*Work instruction*. In the records that follow, find each line with the word "Blue" and copy it.
/---
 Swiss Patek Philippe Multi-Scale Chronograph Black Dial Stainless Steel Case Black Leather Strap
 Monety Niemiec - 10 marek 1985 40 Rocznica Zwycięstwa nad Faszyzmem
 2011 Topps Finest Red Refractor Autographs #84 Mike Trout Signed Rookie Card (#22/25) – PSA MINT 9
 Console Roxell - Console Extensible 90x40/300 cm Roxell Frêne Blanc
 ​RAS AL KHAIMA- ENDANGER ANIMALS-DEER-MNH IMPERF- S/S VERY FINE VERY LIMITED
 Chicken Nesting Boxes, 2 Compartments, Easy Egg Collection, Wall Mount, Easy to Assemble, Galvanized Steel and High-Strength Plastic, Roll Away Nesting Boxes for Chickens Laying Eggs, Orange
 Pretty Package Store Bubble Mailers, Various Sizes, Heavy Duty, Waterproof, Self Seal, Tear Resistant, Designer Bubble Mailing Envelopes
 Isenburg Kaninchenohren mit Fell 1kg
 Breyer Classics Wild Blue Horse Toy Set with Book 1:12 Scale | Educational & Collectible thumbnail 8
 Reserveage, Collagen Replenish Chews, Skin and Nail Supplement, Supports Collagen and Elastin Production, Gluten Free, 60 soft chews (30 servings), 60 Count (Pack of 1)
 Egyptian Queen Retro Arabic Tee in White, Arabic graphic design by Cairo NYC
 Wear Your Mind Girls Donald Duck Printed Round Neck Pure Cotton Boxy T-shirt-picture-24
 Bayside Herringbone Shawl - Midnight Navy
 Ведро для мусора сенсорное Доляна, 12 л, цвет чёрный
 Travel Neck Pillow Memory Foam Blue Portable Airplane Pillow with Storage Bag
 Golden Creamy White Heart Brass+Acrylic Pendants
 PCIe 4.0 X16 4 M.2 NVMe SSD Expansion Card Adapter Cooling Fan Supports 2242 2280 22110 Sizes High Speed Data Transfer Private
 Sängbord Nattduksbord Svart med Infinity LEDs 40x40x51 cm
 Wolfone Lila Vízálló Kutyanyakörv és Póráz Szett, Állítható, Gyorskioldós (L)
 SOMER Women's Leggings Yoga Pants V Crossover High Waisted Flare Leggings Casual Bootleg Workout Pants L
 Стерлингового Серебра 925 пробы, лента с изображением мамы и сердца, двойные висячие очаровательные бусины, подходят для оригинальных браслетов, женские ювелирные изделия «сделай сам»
\---
*Result below*.
 Breyer Classics Wild Blue Horse Toy Set with Book 1:12 Scale | Educational & Collectible thumbnail 8
 Travel Neck Pillow Memory Foam Blue Portable Airplane Pillow with Storage Bag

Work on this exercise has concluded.